I am trying to find the inverse of:
$$f(n) = \prod_{x=1}^{n}x^{0^{\left|\left(\operatorname{mod}\left(x,k\right)-\operatorname{mod}\left(n,k\right)\right)\right|}}$$
for $k, n \in \mathbb{Z}^+$ (as that is where it is monotonically increasing and thus has an inverse, see this proof). Alternative definitions can be found in this question, which are identical for the aforementioned condition.
These functions are used to calculate multifactorials.

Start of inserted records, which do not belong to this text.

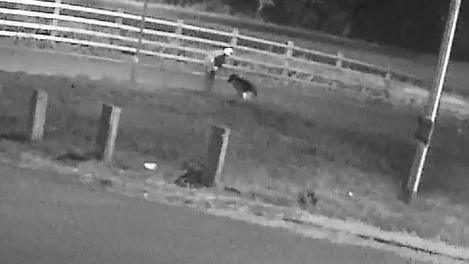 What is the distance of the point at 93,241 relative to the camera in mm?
7680

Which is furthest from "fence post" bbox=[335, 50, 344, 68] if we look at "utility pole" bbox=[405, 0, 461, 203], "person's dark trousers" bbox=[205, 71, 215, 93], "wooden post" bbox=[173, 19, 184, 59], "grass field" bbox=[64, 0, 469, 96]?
"utility pole" bbox=[405, 0, 461, 203]

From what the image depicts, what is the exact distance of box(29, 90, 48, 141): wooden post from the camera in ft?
32.9

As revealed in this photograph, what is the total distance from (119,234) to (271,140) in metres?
5.76

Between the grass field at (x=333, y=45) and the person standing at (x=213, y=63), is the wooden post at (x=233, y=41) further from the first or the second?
the grass field at (x=333, y=45)

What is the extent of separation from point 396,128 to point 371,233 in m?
8.64

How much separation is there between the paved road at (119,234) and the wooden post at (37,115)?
3.39ft

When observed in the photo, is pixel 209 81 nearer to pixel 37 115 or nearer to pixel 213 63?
pixel 213 63

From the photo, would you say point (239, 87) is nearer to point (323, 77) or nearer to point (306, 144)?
point (306, 144)

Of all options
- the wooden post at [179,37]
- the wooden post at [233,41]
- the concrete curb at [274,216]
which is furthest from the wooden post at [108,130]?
the wooden post at [233,41]

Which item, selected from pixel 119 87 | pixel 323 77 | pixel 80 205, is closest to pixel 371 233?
pixel 80 205

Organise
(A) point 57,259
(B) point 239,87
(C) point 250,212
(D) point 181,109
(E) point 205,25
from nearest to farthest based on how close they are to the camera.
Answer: (A) point 57,259 → (C) point 250,212 → (D) point 181,109 → (B) point 239,87 → (E) point 205,25

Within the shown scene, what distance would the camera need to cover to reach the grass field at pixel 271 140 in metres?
10.4

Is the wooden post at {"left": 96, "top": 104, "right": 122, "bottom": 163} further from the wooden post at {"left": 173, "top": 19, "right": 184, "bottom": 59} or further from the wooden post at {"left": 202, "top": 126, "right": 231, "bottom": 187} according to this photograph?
the wooden post at {"left": 173, "top": 19, "right": 184, "bottom": 59}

So far, I have used the properties of logarithms to remove the product:
$$\exp\left(\sum_{x=1}^{n}\ln\left(x^{0^{\left|\left(\operatorname{mod}\left(x,k\right)-\operatorname{mod}\left(n,k\right)\right)\right|}}\right)\right)$$
which is the same as
$$\exp\left(\sum_{x=1}^{n}0^{\left|\left(\operatorname{mod}\left(x,k\right)-\operatorname{mod}\left(n,k\right)\right)\right|}\ln\left(x\right)\right)$$
and because I am solving for the inverse it is actually
$$\ln(f(n)) = \sum_{x=1}^{n}0^{\left|\left(\operatorname{mod}\left(x,k\right)-\operatorname{mod}\left(n,k\right)\right)\right|}\ln\left(x\right)$$
And I now need to solve for $n$ in terms of $\ln(f(n))$ (approximately), but am unsure how to proceed. It's possible that I'm going about this all wrong too, and that another form of the equation is easier to find the approximate inverse.
An example of something that I want to solve with this is:
$$n!!! = 880$$
We are given $k = 3$, and by some function we should be able to at least approximate the answer here, which is $11$ (because $11!!! = 11 * 8 * 5 * 2 = 880$).
The equations of what I have so far are here on Desmos.